I have a strong use case for parallelizing a flavor of the SGD algorithm. In such use-case I need to update the matrices P and Q with the delta gradient update and for a random batch of samples. Each process will update mutually exclusive indices on both matrices.
A simple illustration of what I intend to do would be something like this:
# create "big" matrix
A <- matrix(rnorm(10000), 100, 100)
system.time(
# update each row vector independently using all my cores
r <- mclapply(1:100, mc.cores = 6, function(i) {
# updating ...
A[i,] <- A[i,] - 0.01
# return something, i.e. here I'd return the RMSE of this batch instead
sqrt(sum(A[i,]^2))
})
)
Are there any drawbacks on using this approach? are there more R-idiomatic alternatives?
For example, to be clean (i.e. no side effects, immutable computation) returning the update A[i,] - 0.01
instead of the RMSE
would be more complex to program and peak on memory usage or even run out of memory.
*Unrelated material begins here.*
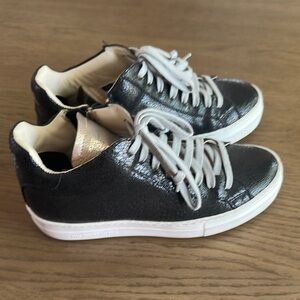 P448 Black and White Sneakers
Reimplementing your code, by block, using shared data with package {bigstatsr}:
N <- 10e3
A <- matrix(rnorm(N * N), N)
library(bigstatsr)
bigA <- as_FBM(A)
library(doParallel)
registerDoParallel(cl <- makeCluster(4))
system.time(
r <- foreach(i = seq_len(N), .combine = 'c') %dopar% {
# updating ...
A[i,] <- A[i,] - 0.01
# return something, i.e. here I'd return the RMSE of this batch instead
sqrt(sum(A[i,]^2))
}
) # 11 sec
stopCluster(cl)
registerDoParallel(cl <- makeCluster(4))
system.time(
r2 <- big_apply(bigA, function(X, ind) {
# updating ...
tmp <- bigA[ind, ] <- bigA[ind, ] - 0.01
# return something, i.e. here I'd return the RMSE of this batch instead
sqrt(rowSums(tmp^2))
}, a.combine = 'c')
) # 1 sec
stopCluster(cl)
all.equal(r, r2) # TRUE
Again, it would be better to update columns instead of rows.